Stadt will bei Minusgraden Bunker für Wohnungslose öffnen

Zentrum · Lösung ohne Würde?

Rudolf Stummvoll hat Bauchschmerzen bei der Bunkerlösung unter Gleis elf am Hauptbahnhof: »Ich rücke den Schlüssel nur im Notfall raus.« Foto: scy/privat

Rudolf Stummvoll hat Bauchschmerzen bei der Bunkerlösung unter Gleis elf am Hauptbahnhof: »Ich rücke den Schlüssel nur im Notfall raus.« Foto: scy/privat

Zentrum · Er hat eine dunkle Strickmütze auf dem Kopf und eine Plastiktüte, in der sind viele leere Flaschen drin. Es ist heiß, sommerlich, trotzdem hat er Husten und Schnupfen, »was man sich eben so einfängt«, sagt er. Er hat einen Namen, den will er nicht sagen, aber er erzählt, dass es ihm jetzt schon vor dem Winter graut. »Man weiß ja nie, ob man nicht doch abkratzt«, brummelt der Mann, der seit bald drei Jahren auf der Straße lebt.

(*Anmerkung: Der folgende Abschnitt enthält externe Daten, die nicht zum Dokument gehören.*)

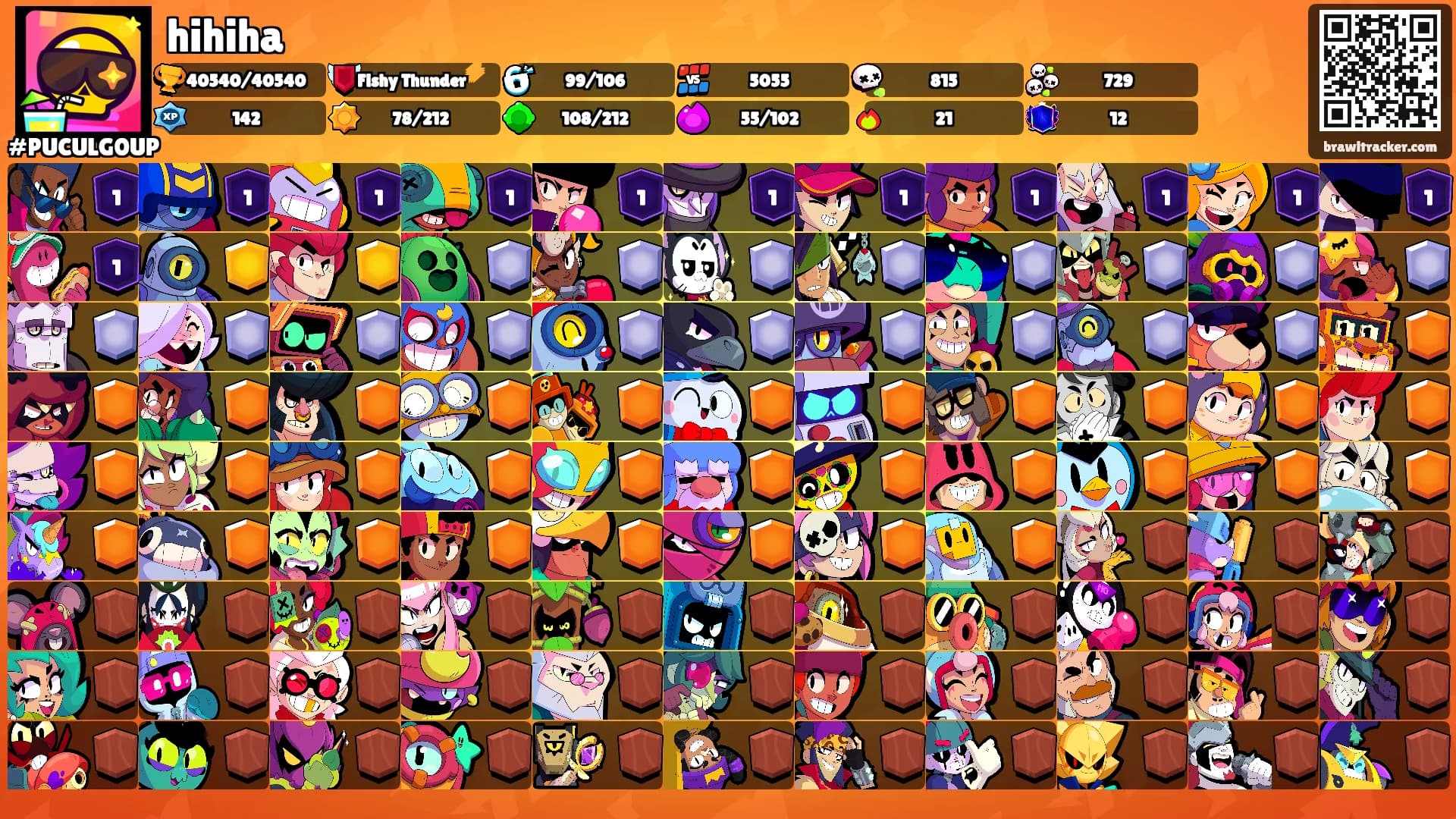 hihiha's Ranks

Angst vor Frosttemperaturen hat nicht nur er, rund 550 Obdachlose leben mittlerweile in München auf der Straße. Wenn es in den kalten Monaten besonders hart kommt, muss also eine Lösung her. Und die heißt: Öffnung des Luftschutzbunkers unter dem Hauptbahnhof. »Das aber nur im alleräußersten Notfall«, erklärt Rudolf Stummvoll, Chef des Münchner Wohnungsamtes. »Am liebsten aber wäre mir, ich müsste den Schlüssel nicht rausrücken.« Denn diese Möglichkeit der Unterbringung sei nicht das, was man anbieten wolle. »Es geht um Würde«, sagt Stummvoll. »In einem Bunker zu schlafen, das will man niemandem zumuten.«

Und so hofft auch er auf einen möglichst milden Winter, denn dann würde man die Bunker-Option gar nicht erst in Betracht ziehen müssen. Doch wer weiß schon, was München in den Bibber-Monaten erwartet? Wer kann das schon voraussehen? Man konnte es ja auch nicht in diesem Jahr, da fiel das Thermometer runter auf arg bedrohliche Minusgrade – und es gab deshalb viel zu tun für Stummvoll und seine Mitarbeiter. »Wir sind durch die Straßen und haben reihenweise die Leute eingesammelt, damit uns da draußen niemand erfriert«, erzählt er. »Da ging es um Leib und Leben.« Man habe alles angenommen an Hotelplätzen, was zu kriegen gewesen sei. Alles Hotels, und auch Pensionen und Wohnheime, mit denen das Wohnungsamt Verträge geschlossen hat, bei Bedarf Betten anzumieten. »Wir schöpfen alle unsere Möglichkeiten aus«, sagt der Leiter des Wohnungsamtes. Kein leichtes Unterfangen, das Ende der Kapazitäten ist längst schon erreicht, doch die Obdachlosen werden nicht weniger, im Gegenteil. »München hat einen Zuzug, der sich gewaschen hat«, sagt Stummvoll. Und, klar, nicht jeder würde automatisch auf der Sonnenseite des Lebens stehen, nur weil er hier leben wolle. »Man hat halt jetzt den Bunker rausgekramt, weil man sich momentan nicht anders zu helfen weiß«, so Stummvoll. »Das zeigt, wie dramatisch die Situation ist.« Gut 1.000 Quadratmeter ist der Bunker groß, er befindet sich unter Gleis elf, damals, in den 60er-Jahren diente er Gastarbeitern als Durchgangsstation. Wenn im Notfall dort wohnungslose Menschen übernachten müssen, werden Betten aufgestellt, rund 140 Leute finden dann dort Platz.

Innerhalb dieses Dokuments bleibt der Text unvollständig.